While the other search APIs are for the entire web, the Custom Search API will allow you to have search capabilities on your own custom domain. This means that search results will only be relevant to your domain and nothing else unless you specify other web pages to include. An example for this API can be if you have a huge knowledge base of FAQ on your site about all the products your company uses, then incorporating the Custom Search API will let users search through the entire knowledge base so they can quickly find an answer instead of browsing through all of the content.

Bing Autosuggest

This is a unique API in all it does is, as you type in a search box, the API gets called giving suggestions on what it thinks you're typing. You've seen this if you've done a Google search, but to help illustrate, and see some results this API gives, here's a gif:

Language

Text Analytics

This API is probably the most essential when you want to get information from text. That's due to what all this API gives you. You get sentiment analysis, it detects what language the text is in, and it extracts key phrases.

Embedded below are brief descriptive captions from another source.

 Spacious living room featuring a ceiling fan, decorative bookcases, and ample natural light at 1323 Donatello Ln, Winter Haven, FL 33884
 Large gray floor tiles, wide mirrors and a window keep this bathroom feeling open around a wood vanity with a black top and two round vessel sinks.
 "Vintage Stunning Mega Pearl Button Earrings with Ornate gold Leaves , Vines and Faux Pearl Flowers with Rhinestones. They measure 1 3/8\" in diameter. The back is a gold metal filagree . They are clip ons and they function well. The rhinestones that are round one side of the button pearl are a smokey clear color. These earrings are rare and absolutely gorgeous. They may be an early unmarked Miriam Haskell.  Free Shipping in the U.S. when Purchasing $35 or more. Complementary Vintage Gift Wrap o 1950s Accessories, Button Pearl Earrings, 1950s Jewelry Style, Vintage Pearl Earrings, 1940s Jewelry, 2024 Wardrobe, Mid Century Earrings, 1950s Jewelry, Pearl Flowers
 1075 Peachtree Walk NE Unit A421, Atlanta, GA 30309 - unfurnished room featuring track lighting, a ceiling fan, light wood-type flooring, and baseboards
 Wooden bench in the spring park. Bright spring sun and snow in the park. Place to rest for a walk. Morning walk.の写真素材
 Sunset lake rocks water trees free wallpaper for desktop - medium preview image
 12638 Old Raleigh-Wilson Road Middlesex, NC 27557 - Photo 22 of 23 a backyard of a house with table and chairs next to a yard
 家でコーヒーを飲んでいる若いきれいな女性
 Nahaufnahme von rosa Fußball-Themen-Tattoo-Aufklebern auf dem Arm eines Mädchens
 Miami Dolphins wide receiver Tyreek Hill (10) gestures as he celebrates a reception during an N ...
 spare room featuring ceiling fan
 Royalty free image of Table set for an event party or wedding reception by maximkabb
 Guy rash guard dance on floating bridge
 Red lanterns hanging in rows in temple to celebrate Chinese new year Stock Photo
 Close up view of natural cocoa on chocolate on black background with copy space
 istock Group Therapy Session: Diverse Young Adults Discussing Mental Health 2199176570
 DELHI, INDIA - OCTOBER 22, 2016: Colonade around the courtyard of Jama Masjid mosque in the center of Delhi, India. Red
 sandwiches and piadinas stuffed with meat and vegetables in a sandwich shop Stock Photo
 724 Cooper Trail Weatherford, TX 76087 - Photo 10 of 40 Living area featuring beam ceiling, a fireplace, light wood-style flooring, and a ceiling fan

The API has actually been updated to also include a way to identify entities within the text. What this gives you is a way to tell if the text refers to a specific place, person, or organization.

Bing Spell Check

Another interesting API offering, the Spell Check API will analyze your text and give any suggestions on what it thinks should be fixed.

For instance, if I give the API the text of He has fixed there enviornment, it will come back with the following JSON:

{
  "_type": "SpellCheck",
  "flaggedTokens": [
    {
      "offset": 13,
      "token": "there",
      "type": "UnknownToken",
      "suggestions": [
        {
          "suggestion": "their",
          "score": 0.786016486722212
        },
        {
          "suggestion": "the",
          "score": 0.702565790712439
        }
      ]
    },
    {
      "offset": 19,
      "token": "enviornment",
      "type": "UnknownToken",
      "suggestions": [
        {
          "suggestion": "environment",
          "score": 0.786016486722212
        }
      ]
    }
  ]
}

Translator Text

This API can translate text between, as of right now, over 60 languages. Since it is REST based, there are an endless amount of applications for this API, such as helping you to localize your applications, communication and messaging applications, or you can mix in the Vision API to read text from images and translate that to another language with this API, and use the Speech API to speak the translation out from your application.

Content Moderator

This simple API looks at images and video to determine if they have adult content in it. This is a very useful API to help you make sure no adult images get uploaded to your website if you have that feature.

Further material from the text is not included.